**DATASET EXCERPT:**

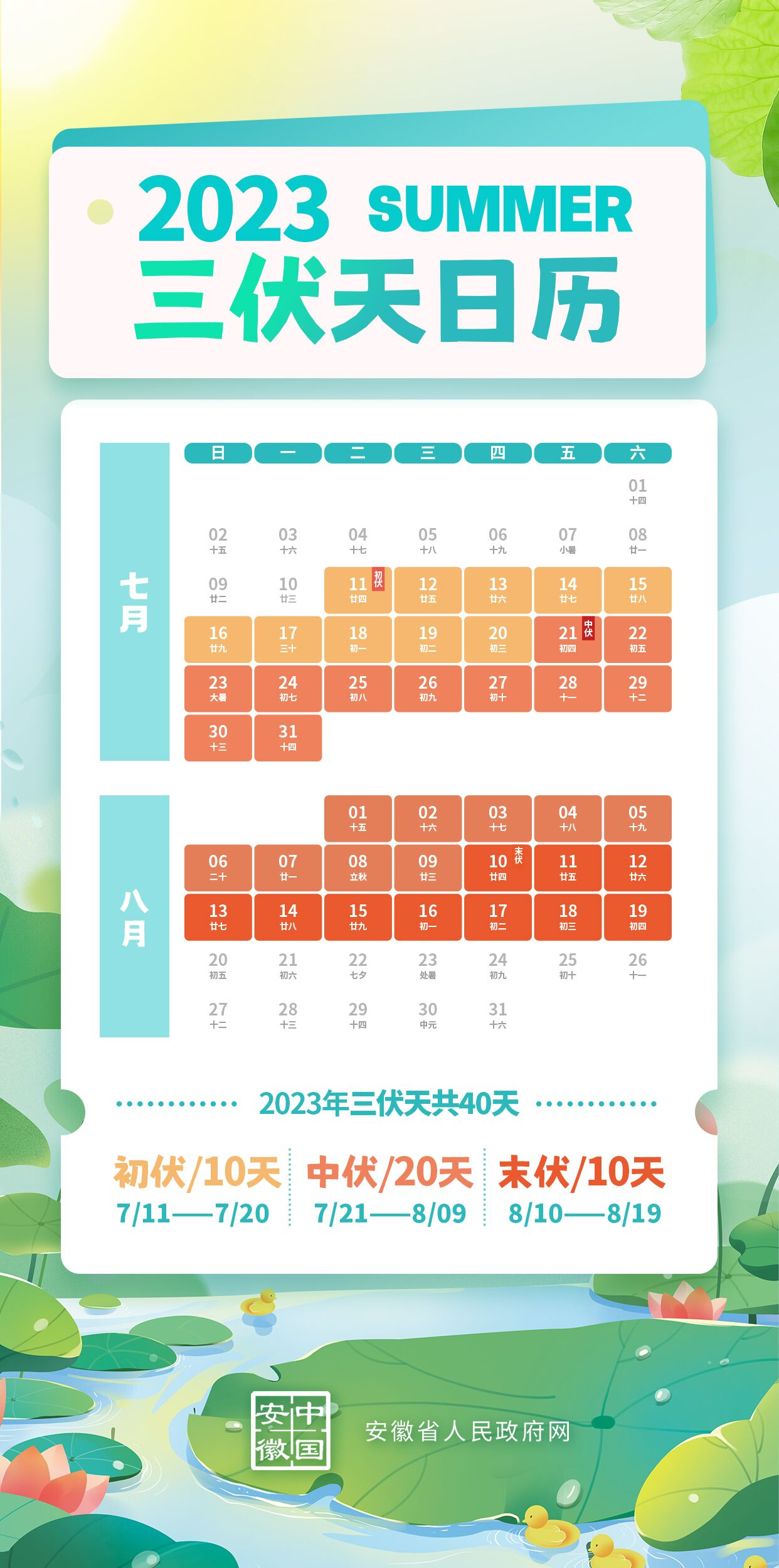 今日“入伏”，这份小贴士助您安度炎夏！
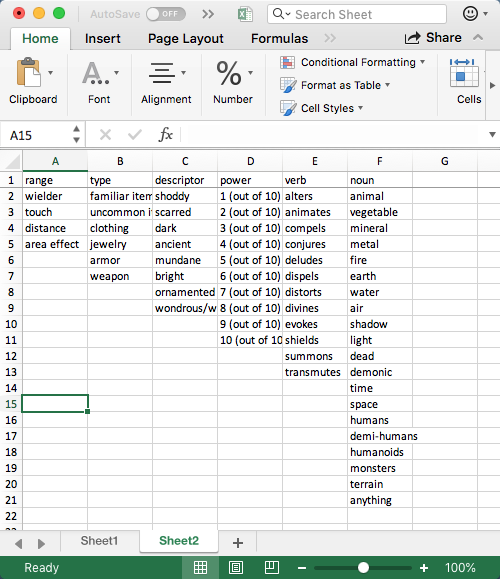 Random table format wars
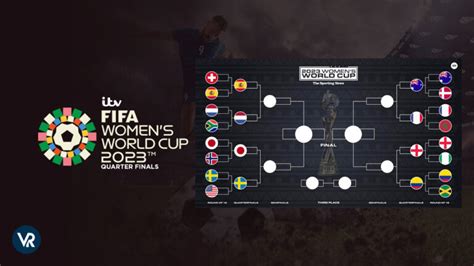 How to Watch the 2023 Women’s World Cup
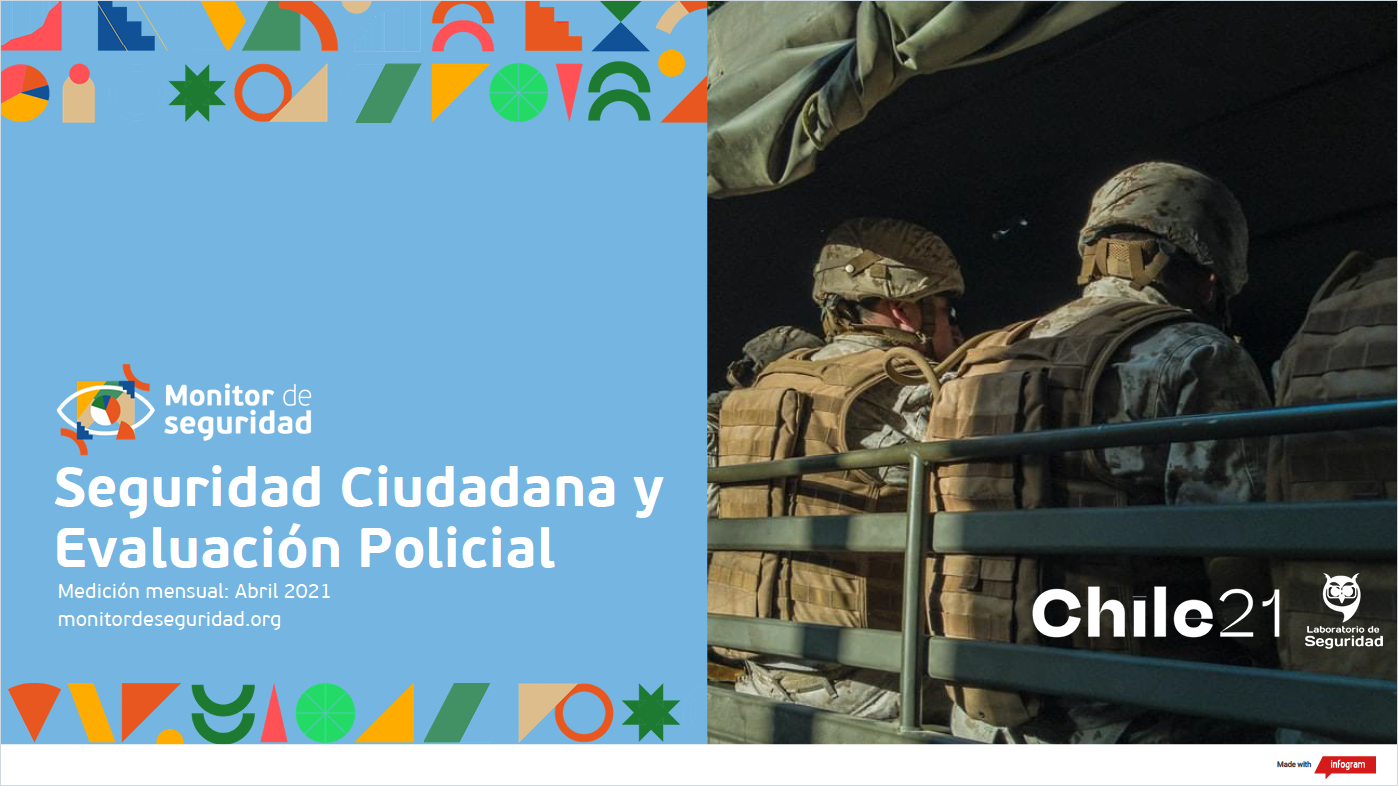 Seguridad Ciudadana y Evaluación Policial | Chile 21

**WHAT NEEDS TO BE DONE:** Reproduce the whole listing verbatim. Pictures stay out of the copy.

**TASK OUTPUT:**
 今日“入伏”，这份小贴士助您安度炎夏！
 Random table format wars
 How to Watch the 2023 Women’s World Cup
 Seguridad Ciudadana y Evaluación Policial | Chile 21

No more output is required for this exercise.